CLEVELAND - Stan Joplin's University of Toledo men's basketball team was selected yesterday as the favorite to win the 2005-06 Mid-American Conference West Division title.
If that were to happen, it would mark the fourth time in 10 years under Joplin that the Rockets had won or shared the West title. It would almost surely translate into a winning record in league play for the eighth time.
And it would likely mean an eighth overall winning record for the coach.
Joplin has four starters returning. He has what might prove to be one of his finest, if not his best, freshman classes. He has a transfer player who could be dominant inside. He has a December schedule that does not include even one road game.
He has everything he could imagine wanting, except one thing. He does not have a contract beyond the end of this season.
And, to some degree, he knows why.
"Our only problem is that we haven't played our best basketball at the end of the year," Joplin said here yesterday as the MAC held its annual basketball preview. "I can't sugar-coat that. I know it."
That translates into no MAC tournament championships - not even a berth in the league title game - and no NCAA Tournament appearances thus far under Joplin.
That latter drought, in fact, has existed since the 1979-80 season, and there seems to be less and less interest in UT basketball with each passing year.
Last season, as the Rockets won a West Division co-championship, the largest crowd at 9,000-seat Savage Hall was 5,913 for the home opener against Nevada. There was only one other home game for which UT drew more than 5,000 fans, and the season average, based on announced attendance, was half of capacity.
With an extensive and expensive renovation to Savage Hall on the drawing board, it is logical to assume the school cannot afford continued fan apathy.
"Stan and I have had a variety of conversations and he is aware of our expectations as it pertains to this season," athletic director Mike O'Brien said. "Our goal - mine, Stan's, and our fans' - is to go to the postseason. It's to win our division, win the MAC title and play in the postseason."
O'Brien, who said Joplin's performance would be reviewed upon the conclusion of the coming season, would not comment on whether accomplishing that goal would assure Joplin of a new contract. Nor would he speculate on whether Joplin could survive if his team accomplished less.
But O'Brien did acknowledge that attendance would be important, saying it was the best way to gauge interest in the program.
"We hope to see improvement," O'Brien said. "Our season ticket base is very solid benchmarked against most MAC schools. But, candidly, many of our seats are empty. I'm as hopeful as Stan is that having more nonconference home games this season will generate some momentum and generate some excitement in the community."

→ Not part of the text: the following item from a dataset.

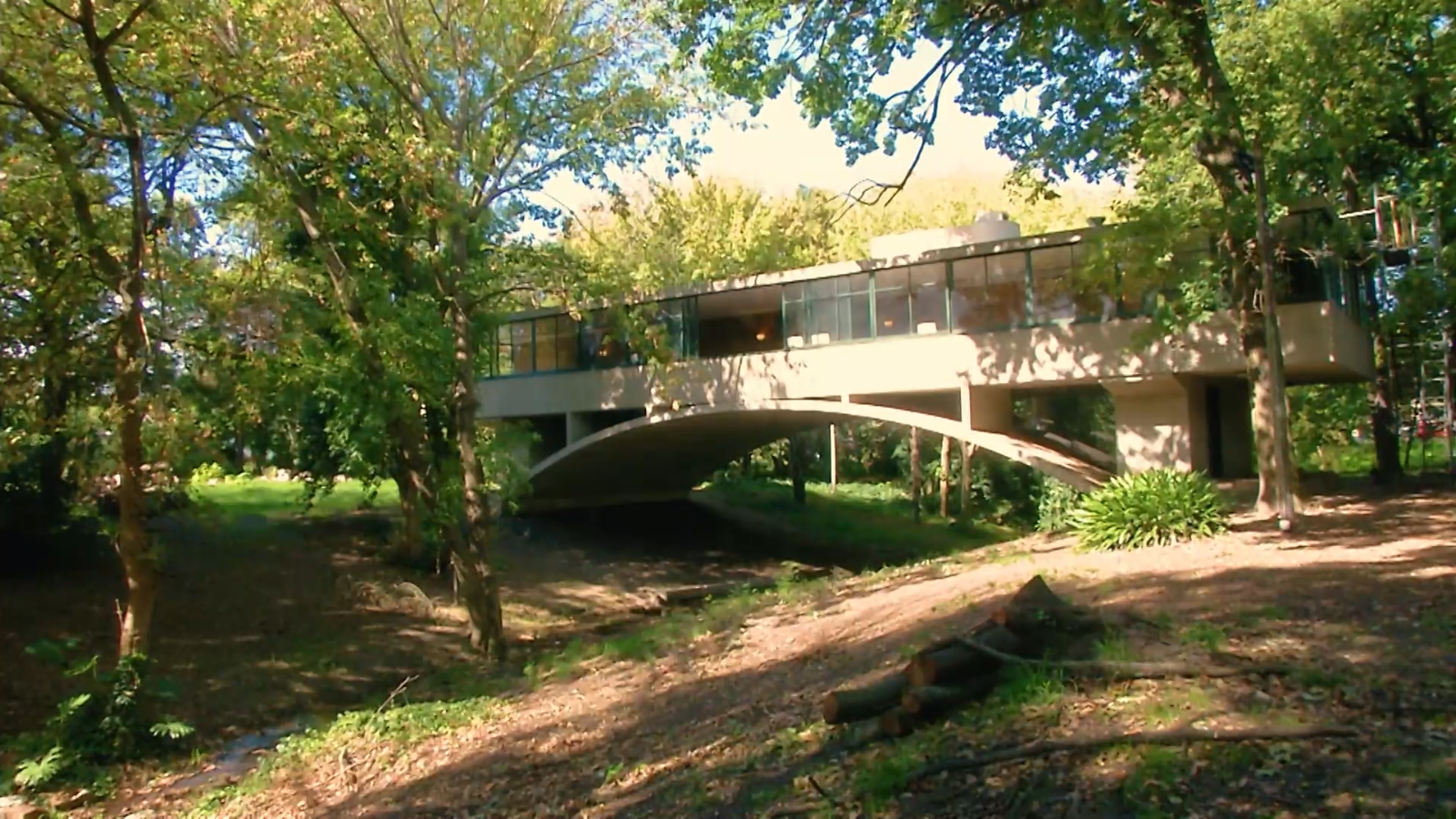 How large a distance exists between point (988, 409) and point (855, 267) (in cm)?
405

Joplin said "the whole attendance dynamic has changed," and he blames a glut of televised college basketball games for that.

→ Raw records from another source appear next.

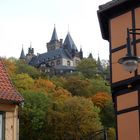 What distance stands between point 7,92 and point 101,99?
3487 inches

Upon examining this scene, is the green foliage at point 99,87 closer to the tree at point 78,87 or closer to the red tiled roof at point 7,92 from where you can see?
the tree at point 78,87

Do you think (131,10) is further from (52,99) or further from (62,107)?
(52,99)

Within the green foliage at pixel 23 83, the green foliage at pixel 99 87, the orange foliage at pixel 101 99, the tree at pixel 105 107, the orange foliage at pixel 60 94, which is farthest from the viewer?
the green foliage at pixel 99 87

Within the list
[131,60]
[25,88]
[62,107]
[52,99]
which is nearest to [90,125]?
[62,107]

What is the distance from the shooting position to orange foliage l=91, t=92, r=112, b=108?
105938mm

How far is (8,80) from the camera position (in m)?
Answer: 20.5

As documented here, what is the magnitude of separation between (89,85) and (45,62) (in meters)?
78.6

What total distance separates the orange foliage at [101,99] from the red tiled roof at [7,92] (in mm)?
85528

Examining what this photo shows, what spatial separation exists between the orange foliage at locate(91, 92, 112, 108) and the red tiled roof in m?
85.5

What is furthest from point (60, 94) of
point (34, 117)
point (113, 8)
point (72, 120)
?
point (113, 8)

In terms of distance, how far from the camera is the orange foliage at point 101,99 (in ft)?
348

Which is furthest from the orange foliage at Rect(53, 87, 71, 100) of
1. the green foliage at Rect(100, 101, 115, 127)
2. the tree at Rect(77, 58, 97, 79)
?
the tree at Rect(77, 58, 97, 79)

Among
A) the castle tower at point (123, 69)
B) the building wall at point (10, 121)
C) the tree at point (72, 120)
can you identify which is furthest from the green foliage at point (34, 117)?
the castle tower at point (123, 69)

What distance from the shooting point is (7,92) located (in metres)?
19.7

"It's not like we're walking the ball up the floor and shooting late in the shot clock," he said. "It's not like we're playing boring basketball. We've been near the top of the league year in and year out. A lot of teams in this league would like to be in our shoes from that standpoint."
Joplin acknowledges there is a perception in the community that the program is rife with academic problems and that the roster has included more than its share of bad actors. He claims both charges are untrue.
O'Brien agrees, especially with the academic progress made by Joplin's players.
"The NCAA has instituted an academic progress rate, called the APR, and its cut line is a 925 score," the athletic director said. "If you're below that you could possibly face sanctions. Our most recent score for men's basketball was 979 out of a possible 1,000. The graduation rate the last few years has been 100 per cent and the projection for upper classmen in the program is very positive."
Joplin sees the empty seats and he knows what is being said in the community.
"You'd think we weren't graduating any players, that we had a bunch of thugs who were always in trouble, that we had a boatload of players transferring out, that we weren't winning," he said. "In other words, you'd think our program is in shambles. That's the perception floating out there for some reason and it's not the case at all.
"What is the case, like I said, is that we haven't played our best ball at the end of seasons."
All Joplin, a one-time UT star who enters his 10th season as the Rockets head coach with a 153-112 overall record, can do is try to change that.
"I don't think there's any more pressure this year than what I always put on myself," he said. "I think my [contract] situation will take care of itself because I expect to have a great season.
"I guess we'll all see, in time, how it plays out."